EXERCISE INSTRUCTIONS: Starting at the line with "3B Scientific, MICROanatomy, sostanza" and going on through the line with "Image no. 1", reproduce each line in the records below exactly and nothing more.

DATA PROVIDED:

------------

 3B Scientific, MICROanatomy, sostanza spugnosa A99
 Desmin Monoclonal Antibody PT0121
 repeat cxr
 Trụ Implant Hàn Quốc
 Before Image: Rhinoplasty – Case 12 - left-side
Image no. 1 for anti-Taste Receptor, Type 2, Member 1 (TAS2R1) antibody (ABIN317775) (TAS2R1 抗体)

------------

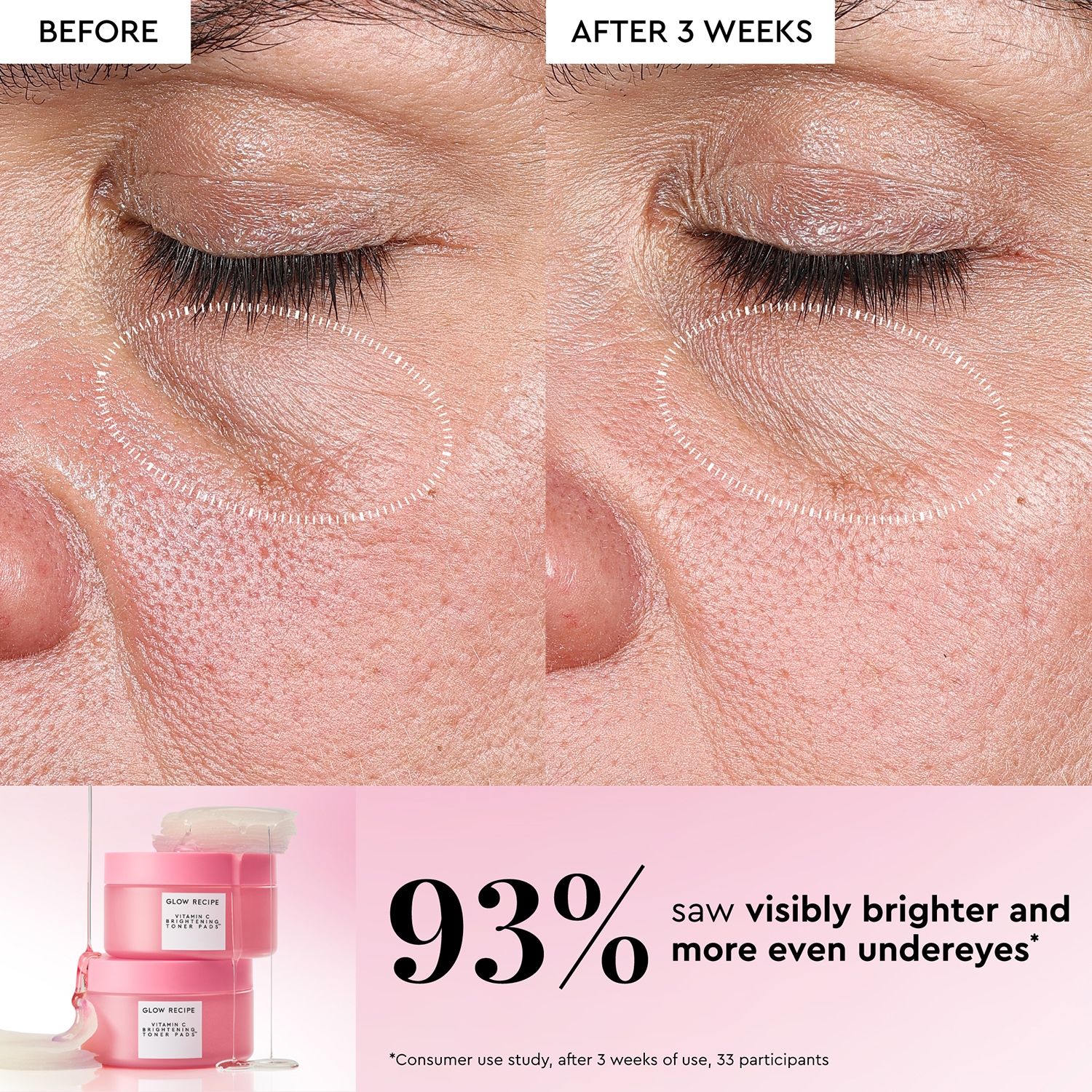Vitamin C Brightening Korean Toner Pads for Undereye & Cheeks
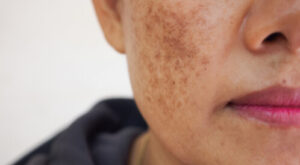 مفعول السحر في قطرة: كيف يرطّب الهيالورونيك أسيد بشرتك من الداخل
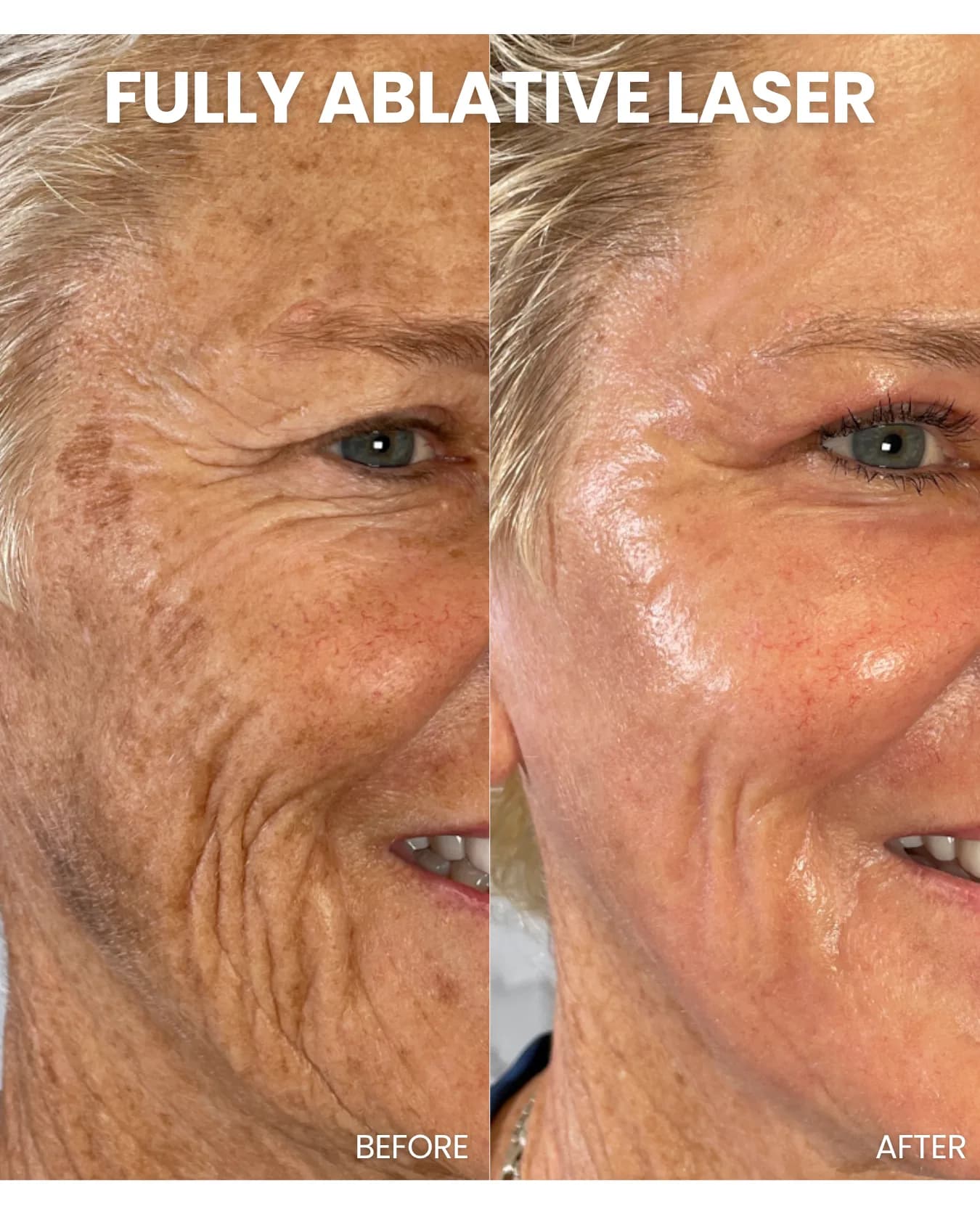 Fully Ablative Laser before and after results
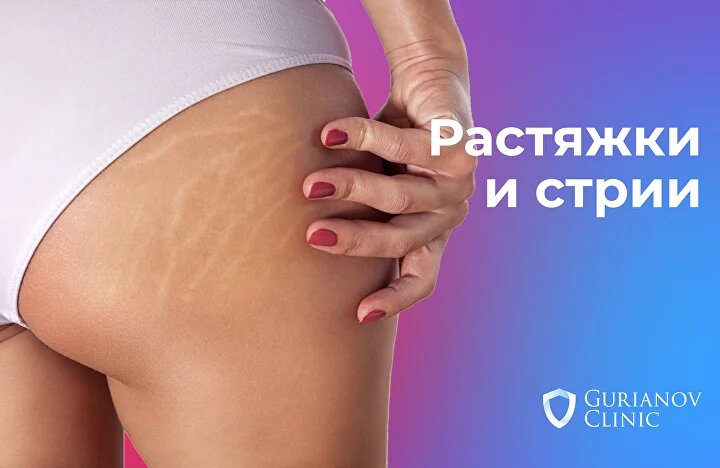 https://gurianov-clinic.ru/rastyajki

------------

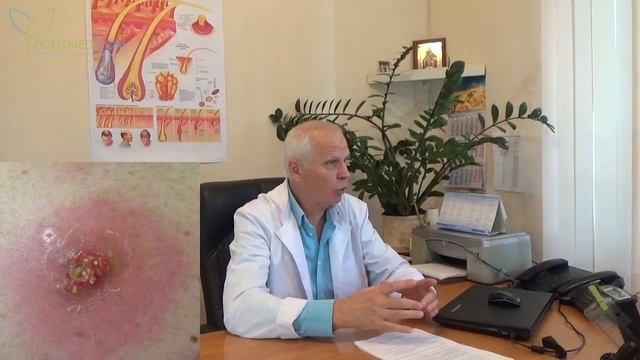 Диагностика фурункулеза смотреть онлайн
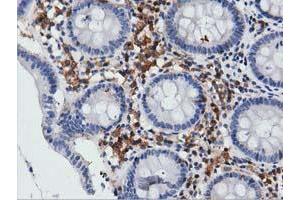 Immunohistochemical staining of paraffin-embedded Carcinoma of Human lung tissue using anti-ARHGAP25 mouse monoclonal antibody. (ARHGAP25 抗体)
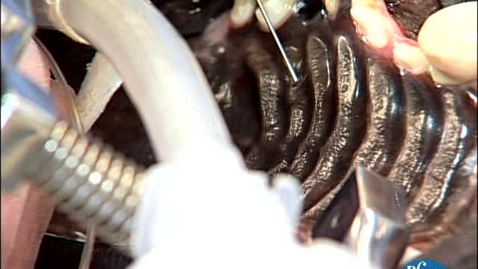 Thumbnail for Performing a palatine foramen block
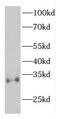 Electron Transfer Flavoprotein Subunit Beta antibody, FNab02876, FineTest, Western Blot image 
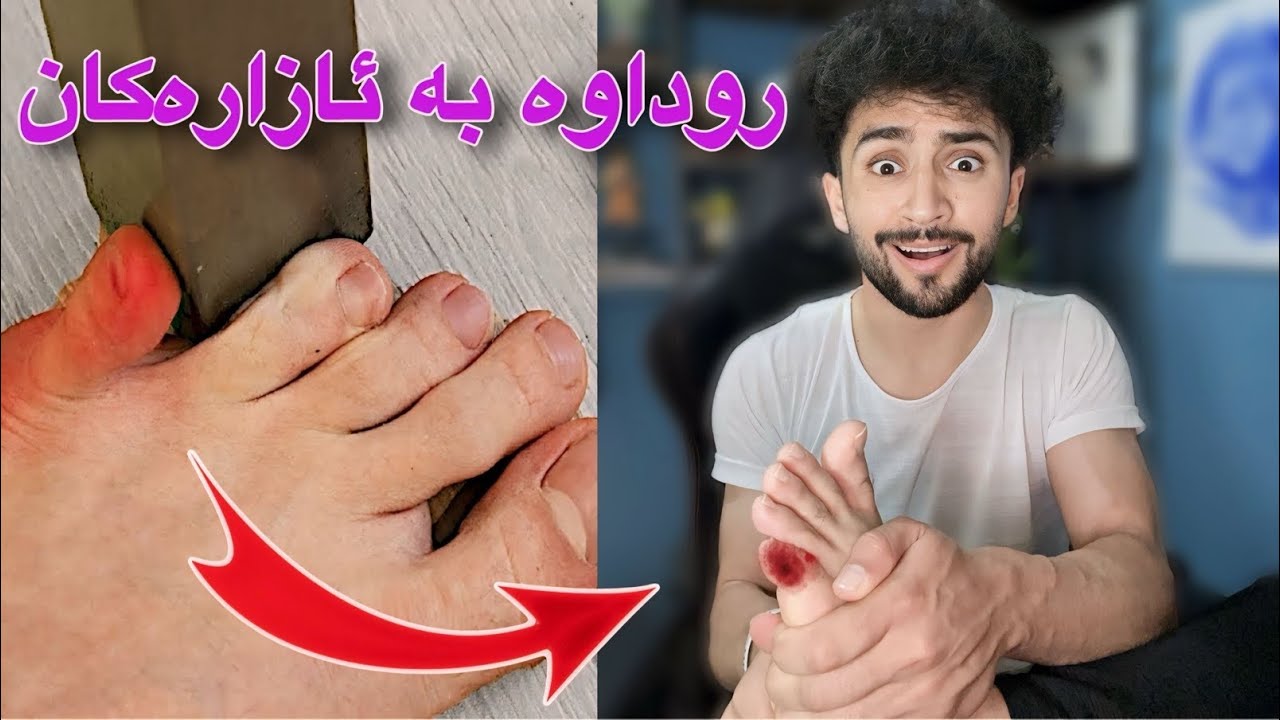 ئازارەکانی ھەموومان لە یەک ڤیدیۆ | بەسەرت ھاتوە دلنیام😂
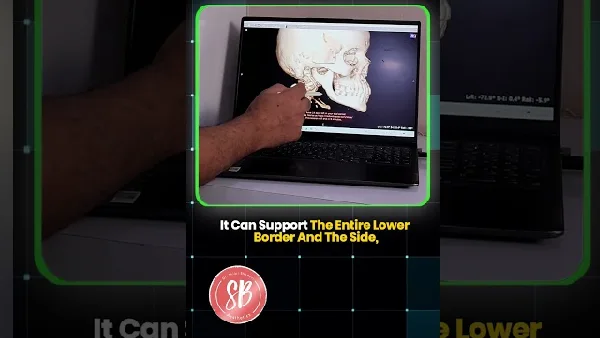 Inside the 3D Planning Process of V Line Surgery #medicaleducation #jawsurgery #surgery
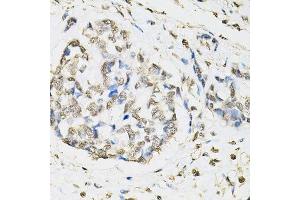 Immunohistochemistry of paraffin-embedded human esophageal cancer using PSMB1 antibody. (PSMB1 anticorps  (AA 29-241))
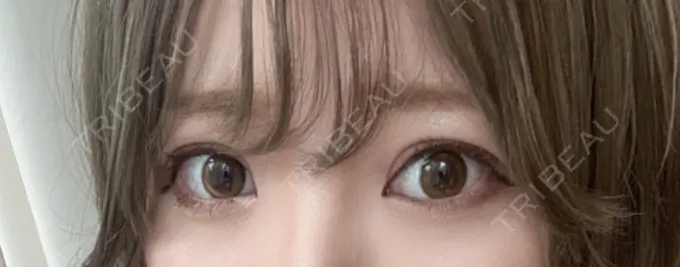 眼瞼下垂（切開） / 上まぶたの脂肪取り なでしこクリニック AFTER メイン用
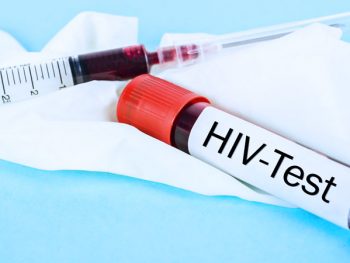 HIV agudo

------------

OUTPUT:
 3B Scientific, MICROanatomy, sostanza spugnosa A99
 Desmin Monoclonal Antibody PT0121
 repeat cxr
 Trụ Implant Hàn Quốc
 Before Image: Rhinoplasty – Case 12 - left-side
Image no. 1 for anti-Taste Receptor, Type 2, Member 1 (TAS2R1) antibody (ABIN317775) (TAS2R1 抗体)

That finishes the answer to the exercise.